EXPOSED: Internal EU Documents Reveal Brussels’ ‘Need to Know’ Strategy on Palm Oil

Palm Oil Monitor has come into possession of a vast number of official European Union documents that are probably best referred to as the EU Palm Oil Files. These clearly spell out the European Union’s deliberate and calculated strategy to keep palm oil out of the EU.   

The EU documents that Palm Oil Monitor is publishing – starting today – lay bare their covert approach. They also demonstrate the obvious contempt that the EU has for governments, citizens and farmers in Malaysia and Indonesia. 

The private documents contrast with the EU’s ham-fisted charm offensive in southeast Asia. Officials have spun deliberately vague information and attempted to put a substantial amount of lipstick on the EU’s palm oil policy.

For example, just last week, EU Ambassador to Malaysia said it would be a “shame” if Malaysia did not negotiate with the EU on a trade deal as a result of the EU’s policies on palm oil. She vigorously defended the EU policies, and implied that Malaysia was simply overreacting – despite, surely, knowing the impact that the EU’s plans would have on millions of ASEAN smallholders.

EU Parliamentarian Bas Eickhout also said days ago that Malaysia and Indonesia should ‘bring it on’ with a WTO challenge to the EU’s Renewables Policy.

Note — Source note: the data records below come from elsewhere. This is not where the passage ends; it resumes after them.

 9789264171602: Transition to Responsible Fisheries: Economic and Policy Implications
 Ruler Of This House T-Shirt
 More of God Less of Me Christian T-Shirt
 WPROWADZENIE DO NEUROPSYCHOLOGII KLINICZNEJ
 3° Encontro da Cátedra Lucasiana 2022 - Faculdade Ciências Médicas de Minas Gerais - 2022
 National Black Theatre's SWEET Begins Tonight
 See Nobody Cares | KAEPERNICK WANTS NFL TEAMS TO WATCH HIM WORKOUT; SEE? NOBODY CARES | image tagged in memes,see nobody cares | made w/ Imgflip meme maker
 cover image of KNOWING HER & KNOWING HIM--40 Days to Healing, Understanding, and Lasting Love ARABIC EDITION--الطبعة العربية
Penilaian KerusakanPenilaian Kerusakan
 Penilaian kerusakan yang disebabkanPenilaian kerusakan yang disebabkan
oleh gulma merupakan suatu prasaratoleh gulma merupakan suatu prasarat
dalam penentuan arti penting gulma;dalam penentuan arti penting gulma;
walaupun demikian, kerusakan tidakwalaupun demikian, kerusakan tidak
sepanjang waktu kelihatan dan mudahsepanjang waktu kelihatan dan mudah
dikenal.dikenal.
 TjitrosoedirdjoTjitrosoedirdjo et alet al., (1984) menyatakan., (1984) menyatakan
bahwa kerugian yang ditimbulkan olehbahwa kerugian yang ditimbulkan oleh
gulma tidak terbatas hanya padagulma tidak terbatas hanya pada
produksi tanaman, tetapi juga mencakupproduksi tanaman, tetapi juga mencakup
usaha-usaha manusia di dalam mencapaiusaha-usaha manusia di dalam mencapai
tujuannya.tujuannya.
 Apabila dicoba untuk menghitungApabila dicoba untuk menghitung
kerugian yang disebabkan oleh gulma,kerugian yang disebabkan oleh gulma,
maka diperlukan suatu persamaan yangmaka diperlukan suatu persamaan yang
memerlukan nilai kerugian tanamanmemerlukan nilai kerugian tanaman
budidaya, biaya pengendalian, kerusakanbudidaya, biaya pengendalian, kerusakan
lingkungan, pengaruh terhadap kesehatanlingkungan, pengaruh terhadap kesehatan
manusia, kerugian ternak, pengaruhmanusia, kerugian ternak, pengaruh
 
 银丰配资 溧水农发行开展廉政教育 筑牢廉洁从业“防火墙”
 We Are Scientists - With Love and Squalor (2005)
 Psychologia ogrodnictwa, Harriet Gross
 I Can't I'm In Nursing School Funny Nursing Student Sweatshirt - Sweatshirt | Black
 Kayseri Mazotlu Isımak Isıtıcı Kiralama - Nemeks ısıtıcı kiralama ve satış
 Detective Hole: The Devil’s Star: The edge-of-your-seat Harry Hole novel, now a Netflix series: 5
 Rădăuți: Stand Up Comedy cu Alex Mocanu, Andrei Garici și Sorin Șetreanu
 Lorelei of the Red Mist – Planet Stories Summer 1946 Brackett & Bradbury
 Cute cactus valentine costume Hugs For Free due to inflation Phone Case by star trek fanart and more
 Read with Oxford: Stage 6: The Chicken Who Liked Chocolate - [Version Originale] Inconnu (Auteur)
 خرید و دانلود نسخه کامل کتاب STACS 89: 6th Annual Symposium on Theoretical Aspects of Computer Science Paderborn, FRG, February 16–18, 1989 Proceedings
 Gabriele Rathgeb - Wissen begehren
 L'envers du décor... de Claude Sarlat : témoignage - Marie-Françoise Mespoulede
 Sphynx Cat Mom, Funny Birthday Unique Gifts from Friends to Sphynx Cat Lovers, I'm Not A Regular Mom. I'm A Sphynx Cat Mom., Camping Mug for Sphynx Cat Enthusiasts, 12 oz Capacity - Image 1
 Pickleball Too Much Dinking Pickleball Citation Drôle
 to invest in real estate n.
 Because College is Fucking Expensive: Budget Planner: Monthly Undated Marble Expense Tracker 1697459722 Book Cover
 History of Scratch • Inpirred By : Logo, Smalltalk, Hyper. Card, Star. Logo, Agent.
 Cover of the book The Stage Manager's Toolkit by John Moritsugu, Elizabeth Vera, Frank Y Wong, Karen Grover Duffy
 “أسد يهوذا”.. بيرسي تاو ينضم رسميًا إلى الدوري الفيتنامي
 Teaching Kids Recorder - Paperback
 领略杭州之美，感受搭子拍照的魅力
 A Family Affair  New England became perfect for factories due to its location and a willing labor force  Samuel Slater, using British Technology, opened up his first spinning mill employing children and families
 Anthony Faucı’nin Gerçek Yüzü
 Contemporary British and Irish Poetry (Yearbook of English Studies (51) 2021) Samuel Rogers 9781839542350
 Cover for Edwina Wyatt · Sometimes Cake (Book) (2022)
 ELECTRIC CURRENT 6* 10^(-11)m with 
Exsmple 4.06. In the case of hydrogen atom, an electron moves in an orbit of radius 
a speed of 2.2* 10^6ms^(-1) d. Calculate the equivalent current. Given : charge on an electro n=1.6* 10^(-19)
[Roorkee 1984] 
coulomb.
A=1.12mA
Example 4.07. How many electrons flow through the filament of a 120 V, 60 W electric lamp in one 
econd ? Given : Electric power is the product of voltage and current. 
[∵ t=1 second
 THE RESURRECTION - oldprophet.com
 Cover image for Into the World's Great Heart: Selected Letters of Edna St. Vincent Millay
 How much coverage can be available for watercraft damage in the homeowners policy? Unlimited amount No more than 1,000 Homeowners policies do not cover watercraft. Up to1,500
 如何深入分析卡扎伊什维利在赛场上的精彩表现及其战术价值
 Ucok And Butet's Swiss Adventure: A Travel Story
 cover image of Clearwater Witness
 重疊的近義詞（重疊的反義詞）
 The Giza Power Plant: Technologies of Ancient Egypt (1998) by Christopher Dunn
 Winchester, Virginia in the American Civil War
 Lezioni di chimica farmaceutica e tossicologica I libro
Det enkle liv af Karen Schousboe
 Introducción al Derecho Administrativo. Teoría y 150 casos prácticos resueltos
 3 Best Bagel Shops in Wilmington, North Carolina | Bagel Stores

Our documents show that even before the EU’s Renewable Energy Directive was released, officials at the highest level in the EU knew that the policy would jeopardise a potential free trade agreement and trade relations more broadly with ASEAN nations. They also had clear internal legal advice it would break WTO rules.

Our documents show that this EU-ASEAN ‘trade war’ was started knowingly by the EU.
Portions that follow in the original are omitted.